** What the exercise asks **
What is needed is an exact copy of the line that contains "Thumbnail of 2025" and of all later lines to the end of the records below, with no other lines.

** Input material **
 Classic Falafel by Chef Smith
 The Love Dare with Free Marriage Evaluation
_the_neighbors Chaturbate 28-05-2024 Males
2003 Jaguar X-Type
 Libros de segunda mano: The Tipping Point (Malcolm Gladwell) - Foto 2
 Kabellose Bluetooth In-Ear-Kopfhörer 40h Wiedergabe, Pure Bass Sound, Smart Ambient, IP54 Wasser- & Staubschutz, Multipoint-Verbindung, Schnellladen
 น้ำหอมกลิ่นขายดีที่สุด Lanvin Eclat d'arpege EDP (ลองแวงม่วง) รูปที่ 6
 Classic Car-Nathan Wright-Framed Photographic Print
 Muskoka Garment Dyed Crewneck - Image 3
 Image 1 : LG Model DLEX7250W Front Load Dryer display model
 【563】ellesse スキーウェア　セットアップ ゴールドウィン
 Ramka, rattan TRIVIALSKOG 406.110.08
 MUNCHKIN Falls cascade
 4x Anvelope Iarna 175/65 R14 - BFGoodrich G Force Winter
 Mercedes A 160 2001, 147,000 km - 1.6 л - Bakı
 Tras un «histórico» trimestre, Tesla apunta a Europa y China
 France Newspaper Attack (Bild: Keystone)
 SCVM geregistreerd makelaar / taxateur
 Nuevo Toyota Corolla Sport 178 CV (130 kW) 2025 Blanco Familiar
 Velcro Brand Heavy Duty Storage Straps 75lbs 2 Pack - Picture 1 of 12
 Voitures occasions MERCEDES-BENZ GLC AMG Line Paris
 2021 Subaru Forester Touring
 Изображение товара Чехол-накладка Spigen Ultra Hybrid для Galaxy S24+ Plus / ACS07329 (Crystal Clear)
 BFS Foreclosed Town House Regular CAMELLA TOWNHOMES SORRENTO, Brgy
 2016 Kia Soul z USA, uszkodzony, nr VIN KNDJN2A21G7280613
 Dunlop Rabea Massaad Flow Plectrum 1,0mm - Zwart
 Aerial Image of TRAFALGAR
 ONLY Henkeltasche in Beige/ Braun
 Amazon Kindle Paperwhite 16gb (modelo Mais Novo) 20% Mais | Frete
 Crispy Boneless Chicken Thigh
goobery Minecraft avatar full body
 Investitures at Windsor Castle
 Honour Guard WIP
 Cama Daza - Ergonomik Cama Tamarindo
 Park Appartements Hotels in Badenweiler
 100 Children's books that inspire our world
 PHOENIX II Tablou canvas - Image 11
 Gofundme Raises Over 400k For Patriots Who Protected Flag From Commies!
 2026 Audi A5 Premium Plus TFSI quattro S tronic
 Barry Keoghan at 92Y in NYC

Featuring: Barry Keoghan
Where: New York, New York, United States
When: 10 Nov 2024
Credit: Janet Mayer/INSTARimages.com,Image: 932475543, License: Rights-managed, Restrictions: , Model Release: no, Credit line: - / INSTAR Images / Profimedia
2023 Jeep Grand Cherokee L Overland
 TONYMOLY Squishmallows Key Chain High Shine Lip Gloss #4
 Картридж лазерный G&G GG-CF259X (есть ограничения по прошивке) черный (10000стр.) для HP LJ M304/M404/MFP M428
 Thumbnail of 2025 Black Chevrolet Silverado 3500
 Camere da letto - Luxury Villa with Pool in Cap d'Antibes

** Response area **
 Thumbnail of 2025 Black Chevrolet Silverado 3500
 Camere da letto - Luxury Villa with Pool in Cap d'Antibes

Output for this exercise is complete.